(19)美濃地屋敷(益田)

大きなかやぶき屋根が特徴的な美濃地屋敷
 大庄屋の風格残る母屋

 益田市匹見町道川の国道191号沿いに見えるかやぶきの大屋根が美濃地屋敷だ。江戸時代の1740年代に建設されたといい、1855(安政2)年に改築された母屋と米倉は当時のまま残っている。

 屋敷に暮らした美濃地家は、たたらをなりわいとして栄え、江戸時代後期には周辺の村々を管理する大庄屋を命じられる家柄だったという。

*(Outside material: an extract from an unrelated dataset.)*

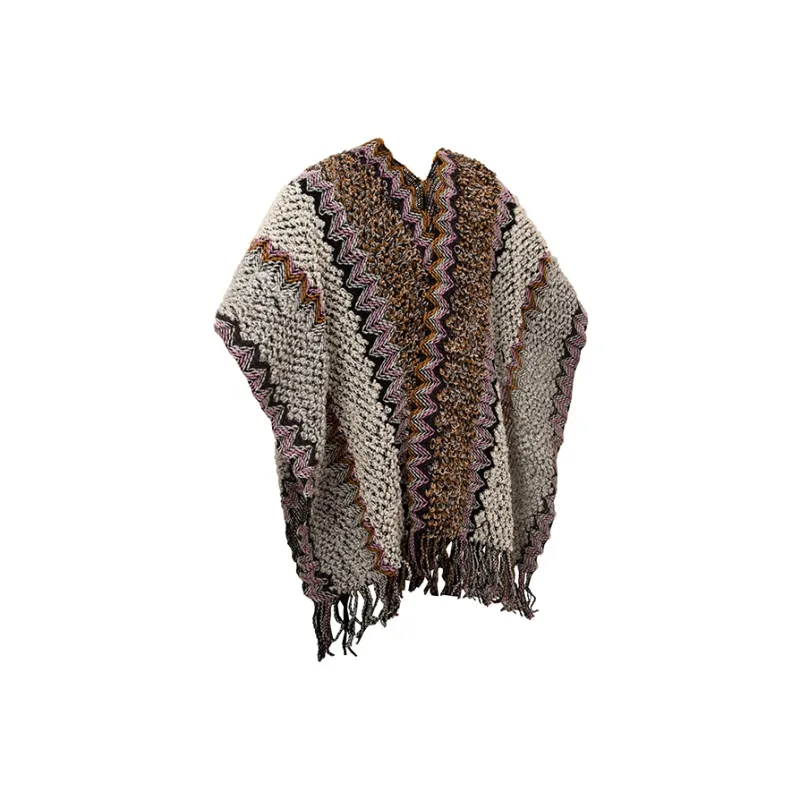 BAIJUAN Shawls Women's-5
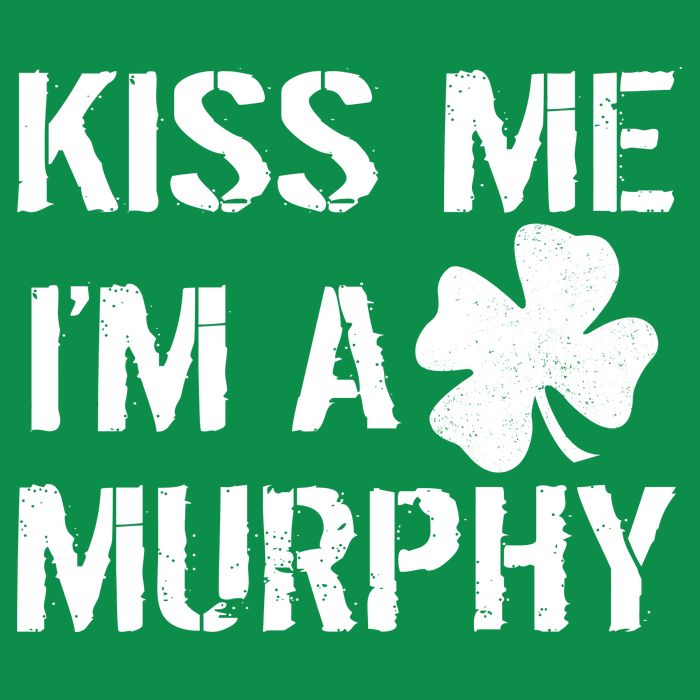 Kiss Me I'm A Murphy St. Patrick's Day Kids T-Shirt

 母屋には代官などを接待するための座敷もあり、大庄屋を務めていた風格を感じさせる。土間から見上げると、太いはりを見ることもできる。

 米倉には、鳳凰(ほうおう)の鏝絵(こてえ)が施され、美濃地家の富裕さを伝える。

 美濃地屋敷は旧匹見町時代の2003年3月に所有者から寄託を受け町が管理。05年、母屋の前にあった長屋門を復元するとともに、隣に民俗資料館も建設した。米倉も展示施設として利用しており、美濃地家に保管されていた漆器などが並ぶ。

 さらに、屋敷を地域活性化につなげる活動も展開されている。地元の女性グループが、同家に伝わる約250年前の漆器を使い、精進料理を味わう「美濃地邸食」を、要予約で定期的に提供する。

 落ち着いた雰囲気が漂う母屋で、琴の生演奏を聴きながら料理を楽しめるとあって、人気を集めている。

 ~メ モ~

 美濃地屋敷は入場無料。休館日は毎週月曜日と祝日の翌日。冬季の12月末から2月末までは休館となる。駐車場あり。問い合わせは同屋敷、電話0856(58)0250。